Ingredients:
- 1 lb jumbo shrimp, peeled and deveined
- 2 tbsp unsalted butter, divided
- 1 tbsp extra virgin olive oil
- 4 cloves garlic, minced
- 1 tbsp fresh lemon juice
- 1/2 tsp sea salt
- 1/4 tsp black pepper
- 2 tbsp fresh parsley, chopped
Instructions:
- Thaw the shrimp and pat them completely dry with paper towels. Note: Moisture creates steam, which stops the searing process.
- Season the shrimp lightly with sea salt and black pepper in a mixing bowl.
- Heat 1 tbsp of butter and the olive oil in a 12 inch skillet over medium high heat until the butter foams and sizzles.

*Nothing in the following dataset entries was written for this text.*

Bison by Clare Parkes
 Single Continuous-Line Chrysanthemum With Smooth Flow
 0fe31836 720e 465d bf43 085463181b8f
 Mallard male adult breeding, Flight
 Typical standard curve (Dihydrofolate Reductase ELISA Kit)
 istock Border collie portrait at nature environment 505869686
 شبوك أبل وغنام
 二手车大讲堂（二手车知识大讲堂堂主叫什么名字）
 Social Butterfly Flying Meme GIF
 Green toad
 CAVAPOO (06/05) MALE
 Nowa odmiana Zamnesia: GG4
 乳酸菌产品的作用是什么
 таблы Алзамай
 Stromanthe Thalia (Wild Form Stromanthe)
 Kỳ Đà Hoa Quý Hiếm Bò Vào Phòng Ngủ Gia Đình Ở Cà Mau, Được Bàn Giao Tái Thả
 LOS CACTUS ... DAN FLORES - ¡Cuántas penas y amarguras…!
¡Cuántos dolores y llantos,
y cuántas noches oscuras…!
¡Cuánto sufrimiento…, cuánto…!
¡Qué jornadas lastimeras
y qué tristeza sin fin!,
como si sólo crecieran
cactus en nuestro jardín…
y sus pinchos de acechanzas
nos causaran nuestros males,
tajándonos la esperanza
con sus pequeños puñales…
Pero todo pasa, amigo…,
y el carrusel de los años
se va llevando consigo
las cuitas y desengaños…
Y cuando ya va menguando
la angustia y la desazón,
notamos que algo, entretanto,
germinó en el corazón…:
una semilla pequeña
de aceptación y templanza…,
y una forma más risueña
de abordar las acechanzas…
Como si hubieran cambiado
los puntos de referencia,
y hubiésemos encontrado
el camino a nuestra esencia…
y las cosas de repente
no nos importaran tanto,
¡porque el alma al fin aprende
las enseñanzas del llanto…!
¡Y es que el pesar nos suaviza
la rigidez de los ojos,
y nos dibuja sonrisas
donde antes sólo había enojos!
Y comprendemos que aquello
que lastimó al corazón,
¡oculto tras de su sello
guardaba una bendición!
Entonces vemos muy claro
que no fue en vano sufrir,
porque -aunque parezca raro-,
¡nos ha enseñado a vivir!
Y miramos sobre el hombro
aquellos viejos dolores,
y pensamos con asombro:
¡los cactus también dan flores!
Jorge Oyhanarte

- Add the shrimp in a single layer. Note: Don't crowd the pan or the temperature will drop.
- Sear for 2 minutes without moving them until they are golden brown on the bottom.
- Flip and sear for another 1-2 minutes until they just turn opaque and curl into a C shape.
- Remove shrimp from the pan immediately and set them on a plate. Note: This prevents them from turning into rubber.
- Lower the heat to medium. Add the remaining 1 tbsp of butter and minced garlic.
- Sauté for 30-60 seconds until the garlic is fragrant and pale gold.
- Stir in the lemon juice to deglaze the pan, scraping up the browned bits. Return the shrimp to the skillet, toss to coat in the velvety sauce, and garnish with chopped fresh parsley.